4. Letting Tucker Barnhart find a rhythm with Wade Miley
It might have started out as a coincidence as Tucker Barnhart kept catching starting pitcher Wade Miley early in the season. Barnhart was in a platoon with Stephenson, but the Reds only faced opposing right-handed pitchers until July in Miley’s starts.
As a result, Barnhart was always catching Miley. When Miley matched up against an opposing left-handed starter, in a pivotal July game against the first place Milwaukee Brewers, Bell still let Barnhart catch for Miley. In that game, Miley pitched eight scoreless innings.
Miley was the Reds most consistent starting pitcher between April and August, and he often credited his rhythm with Barnhart as a key factor in his success. The Barnhart and Miley combination was the only example of a personal catcher that the Reds had this season, but it worked for Miley for most of the season.
5. Sticking with Eugenio Suárez
Bell kept Suárez as an every day starter until August. While Suárez hit in the .170s, Bell was aggressive in trying to find ways to turn around Suárez’s season.
In May, Bell moved Suárez back to third base. Then, Bell made Suárez the lead-off hitter for a week. Suárez slipped down the lineup over the next three months while working with the coaching staff on different strategies and different techniques. At one point of the year, Bell put Suárez on the bench for two games like Bell did with Votto in 2020.
When Moustakas came off the injured list in August, Bell platooned Moustakas and Suárez depending on the opposing starting pitcher. Moustakas and Suárez had both been every day starters for nearly their entire careers, but Bell had them platoon for the first time.
6. Evolving the strategy in the Reds bullpen
For the first time in his three-year tenure with the Reds, Bell didn’t have a closer at any point of the 2021 season. Instead, he had two pitchers designated for high-leverage situations, with one of those situations coming in the ninth inning.

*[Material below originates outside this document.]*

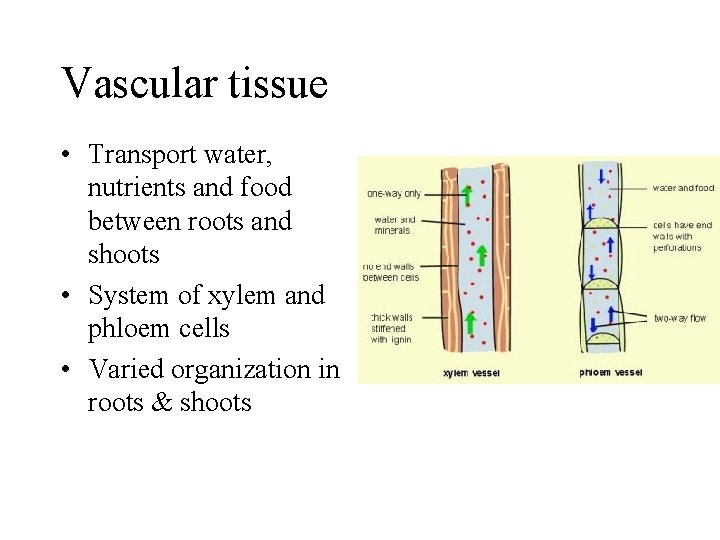 Vascular tissue • Transport water, nutrients and food between roots and shoots • System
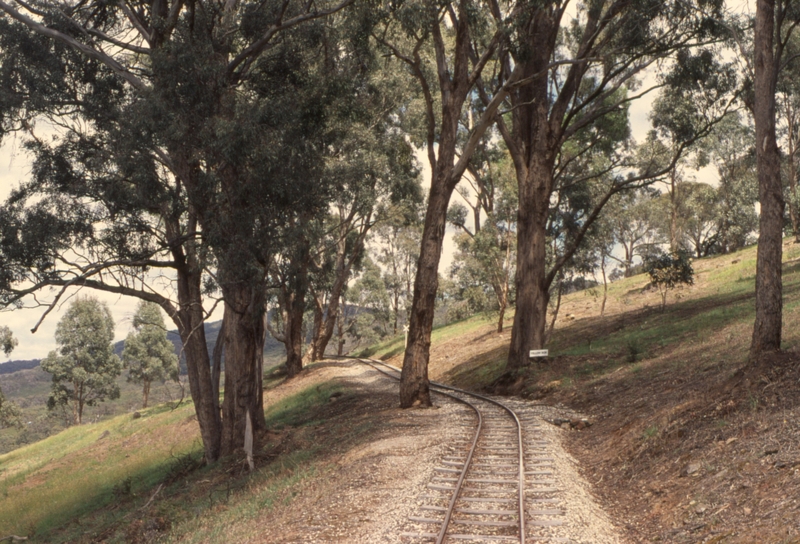 133122: Kerrisdale Mountain Railway Bottom Points - Strathview Section looking towards Top Points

Before every game, Bell met with the relievers to communicate their roles for the upcoming game. Those roles changed significantly during the season, but former Reds reliever and veteran Sean Doolittle said it helped the team prepare for the game.
When the bullpen was at its weakest in July, Bell used matchups more often to determine which reliever came out of the bullpen. Amir Garrett was one of the Reds closers in July and August, and Doolittle also frequently pitched in high-leverage situations.
In September, the Reds bullpen has been at its strongest with five relievers pitching at a high level. Since those five pitchers are right-handed, Bell is almost never using left-right matchups to manage his bullpen. The Reds designated Doolittle for assignment, and Garrett and Justin Wilson have pitched in just one of the Reds seven wins in September.
7. Platooning more as more injuries hit the team
At the start of the season, catcher was the only position where the Reds had a true platoon. Stephenson and Barnhart split time at that position, but the rest of the lineup was made up of every day starters.
As the season continued and more players went on the injured list, Bell used platooning more frequently as a potential solution. Over the last week, the Reds have had platoons at four different positions. In addition to catcher, Suárez and Moustakas platooned at third base before Moustakas went on the injured list.
In the outfield, Max Schrock and TJ Friedl have been starting against right-handed pitchers while Delino DeShields, Aristides Aquino and Jose Barrero split time in the outfield against left-handed starters.
With Schrock and Barrero, Bell showed a willingness to teach players a new position to get their bats into the lineup. For a team that started its 2021 season by temporarily moving Suárez from third base to shortstop, it was a full-circle moment.